Vision

Learn how to use the vision models supported by Together AI.

Meta announced Llama 3.2 and more specifically, two multimodal models:

For a limited time we're also offering a free model endpoint for Llama 3.2 Vision 11B named Llama-Vision-Free. Since this is a free endpoint, it has reduced rate limits compared to the paid Llama 3.2 Vision 11B, named Llama-3.2-11B-Vision-Instruct-Turbo

Here's how to get started with the Together API in a few lines of code.

Quickstart

1. Register for an account

First, register for an account to get an API key. New accounts come with $5 to get started.

Once you've registered, set your account's API key to an environment variable named TOGETHER_API_KEY:

export TOGETHER_API_KEY=xxxxx

2. Install your preferred library

Together provides an official library for Python:

pip install together

As well as an official library for TypeScript/JavaScript:

npm install together-ai

You can also call our HTTP API directly using any language you like.

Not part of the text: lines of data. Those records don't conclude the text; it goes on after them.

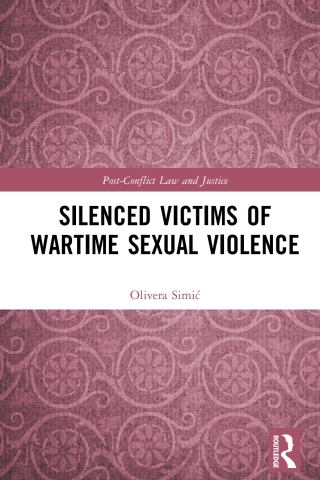 Silenced Victims of Wartime Sexual Violence
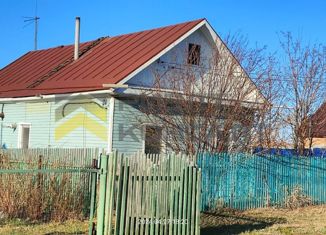 Продам дом, 55 м2, деревня Покрово-Иртышское, Зелёная улица, 18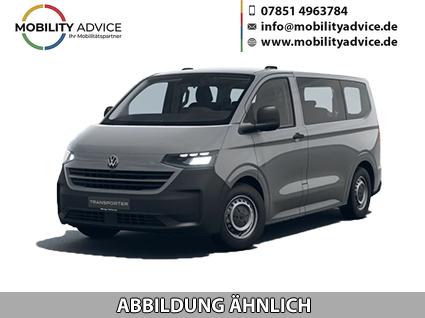 Volkswagen Transporter 6.1 - Kombi LR 2.0 TDI 4Motion 110kW (150 PS) 8-Gang-Automatik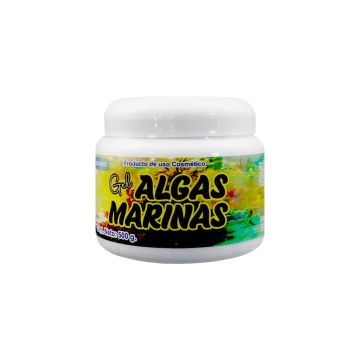 GEL ALGAS MARINAS 500 GR *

3. Query the models via our API

In this example, we're giving it a picture of a trello board and asking the model to describe it to us.

from together import Together

client = Together()

getDescriptionPrompt = "You are a UX/UI designer. Describe the attached screenshot or UI mockup in detail. I will feed in the output you give me to a coding model that will attempt to recreate this mockup, so please think step by step and describe the UI in detail. Pay close attention to background color, text color, font size, font family, padding, margin, border, etc. Match the colors and sizes exactly. Make sure to mention every part of the screenshot including any headers, footers, etc. Use the exact text from the screenshot."

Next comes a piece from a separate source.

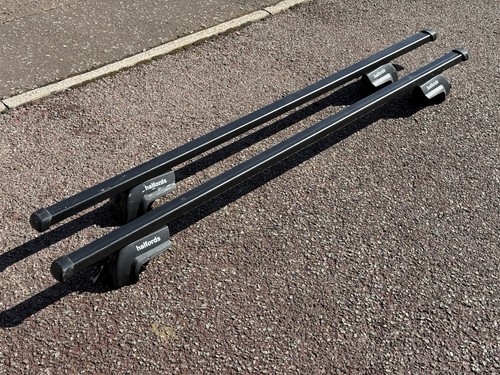 Halfords universal roof bars - halfords,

imageUrl = "https://napkinsdev.s3.us-east-1.amazonaws.com/next-s3-uploads/d96a3145-472d-423a-8b79-bca3ad7978dd/trello-board.png"


stream = client.chat.completions.create(
    model="meta-llama/Llama-3.2-11B-Vision-Instruct-Turbo",
    messages=[
        {
            "role": "user",
            "content": [
                {"type": "text", "text": getDescriptionPrompt},
                {
                    "type": "image_url",
                    "image_url": {
                        "url": imageUrl,
                    },
                },
            ],
        }
    ],
    stream=True,
)

for chunk in stream:
    print(chunk.choices[0].delta.content or "", end="", flush=True)
import Together from "together-ai";

const together = new Together();

let getDescriptionPrompt = `You are a UX/UI designer. Describe the attached screenshot or UI mockup in detail. I will feed in the output you give me to a coding model that will attempt to recreate this mockup, so please think step by step and describe the UI in detail.

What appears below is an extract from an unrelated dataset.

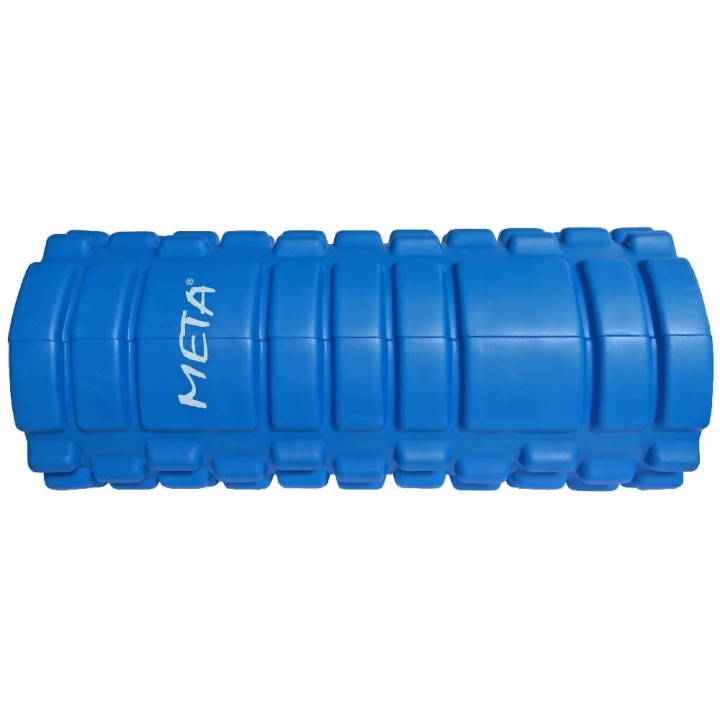 Rodillo Masaje Azul 33 cm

- Pay close attention to background color, text color, font size, font family, padding, margin, border, etc. Match the colors and sizes exactly.
- Make sure to mention every part of the screenshot including any headers, footers, etc.
- Use the exact text from the screenshot.
`;
let imageUrl =
  "https://napkinsdev.s3.us-east-1.amazonaws.com/next-s3-uploads/d96a3145-472d-423a-8b79-bca3ad7978dd/trello-board.png";

async function main() {
  const stream = await together.chat.completions.create({
    model: "meta-llama/Llama-3.2-11B-Vision-Instruct-Turbo",
    temperature: 0.2,
    stream: true,
    max_tokens: 500,
    messages: [
      {
        role: "user",
        // @ts-expect-error Need to fix the TypeScript library type
        content: [
          { type: "text", text: getDescriptionPrompt },
          {
            type: "image_url",
            image_url: {
              url: imageUrl,
            },
          },
        ],
      },
    ],
  });

  for await (const chunk of stream) {
    process.stdout.write(chunk.choices[0]?.delta?.content || "");
  }
}

main();

Output

The attached screenshot appears to be a Trello board, a project management tool used for organizing tasks and projects into boards. Below is a detailed breakdown of the UI:

**Header**
-----------------

* A blue bar spanning the top of the page
* White text reading "Trello" in the top-left corner
* White text reading "Workspaces", "Recent", "Starred", "Templates", and "Create" in the top-right corner, separated by small white dots
* A white box with a blue triangle and the word "Board" inside it

**Top Navigation Bar**
----------------------

* A blue bar with white text reading "Project A"
* A dropdown menu with options "Workspace visible" and "Board"
* A search bar with a magnifying glass icon

**Main Content**
-----------------

* Three columns of cards with various tasks and projects
* Each column has a header with a title
* Cards are white with gray text and a blue border
* Each card has a checkbox, a title, and a description
* Some cards have additional details such as a yellow or green status indicator, a due date, and comments

**Footer**
------------

* A blue bar with white text reading "Add a card"
* A button to add a new card to the board

**Color Scheme**
-----------------

* Blue and white are the primary colors used in the UI
* Yellow and green are used as status indicators
* Gray is used for text and borders

**Font Family**
----------------

* The font family used throughout the UI is clean and modern, with a sans-serif font

**Iconography**
----------------

* The UI features several icons, including:
        + A magnifying glass icon for the search bar
        + A triangle icon for the "Board" dropdown menu
        + A checkbox icon for each card
        + A status indicator icon (yellow or green)
        + A comment icon (a speech bubble)

**Layout**
------------

* The UI is divided into three columns: "To Do", "In Progress", and "Done"
* Each column has a header with a title
* Cards are arranged in a vertical list within each column
* The cards are spaced evenly apart, with a small gap between each card

**Overall Design**
-------------------

* The UI is clean and modern, with a focus on simplicity and ease of use
* The use of blue and white creates a sense of calmness and professionalism
* The icons and graphics are simple and intuitive, making it easy to navigate the UI

This detailed breakdown provides a comprehensive understanding of the UI mockup, including its layout, color scheme, and components.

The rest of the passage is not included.